It’s a tricky tonal balance. Her confession is clearly meant to shock and upset viewers. It’s also supposed to be funny. Borgli not only manages to achieve both, he often manages to achieve both at the same time, often without a single clear directive as to which is appropriate. It’s a movie that’s intentionally, and effectively, designed to make viewers feel emotionally confused.
That emotional confusion stems partly from a sort of social confusion, as both the characters and viewers are confronted with a scenario for which there is no clear cultural playbook. The movie seems to be reacting against the common-on-social-media notion of situations that demand a single, obvious, uniform social and emotional response. Sometimes there is no clearly correct way to respond to a difficult or upsetting event. Sometimes reality demands, or at least supports, multiple conflicting and contradictory responses.
Occasionally, the film strains credulity in its psychological complexities. There are Big Ideas that it gestures at but can’t fully support. And the cringe-shock of its big reveal will almost certainly divide viewers, especially those expecting something more conventional.

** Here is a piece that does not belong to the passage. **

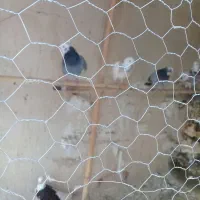 کبوتر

But the movie’s strength is in its human smallness. It never feels like a sociological treatise or a series of tweets about how We Live In a Society. Instead, it’s a movie about people, and how they are strange and difficult and impossible to know. It’s a movie about marriage and relationships, and how even the most intimate partnerships involve telling lies and stories about yourself, and reintroducing yourself over and over again.
It’s drama. It’s life. It’s a pretty good movie.